* Extracted information:
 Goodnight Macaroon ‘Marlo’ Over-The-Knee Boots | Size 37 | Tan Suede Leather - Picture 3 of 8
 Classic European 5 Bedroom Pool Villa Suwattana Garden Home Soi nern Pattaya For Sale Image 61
* * *
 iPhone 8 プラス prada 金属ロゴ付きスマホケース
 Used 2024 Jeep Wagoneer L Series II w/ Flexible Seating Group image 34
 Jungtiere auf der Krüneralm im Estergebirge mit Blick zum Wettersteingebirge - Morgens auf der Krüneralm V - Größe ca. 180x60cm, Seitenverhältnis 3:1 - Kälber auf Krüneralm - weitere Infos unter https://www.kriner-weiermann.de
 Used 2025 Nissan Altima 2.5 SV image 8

* Work required:
Where the listing above has a line with "Jungtiere auf der", start there, and output every line exactly through the line with "Used 2025 Nissan Altima 2.5 SV image 8", which is also included.

* Answer below:
 Jungtiere auf der Krüneralm im Estergebirge mit Blick zum Wettersteingebirge - Morgens auf der Krüneralm V - Größe ca. 180x60cm, Seitenverhältnis 3:1 - Kälber auf Krüneralm - weitere Infos unter https://www.kriner-weiermann.de
 Used 2025 Nissan Altima 2.5 SV image 8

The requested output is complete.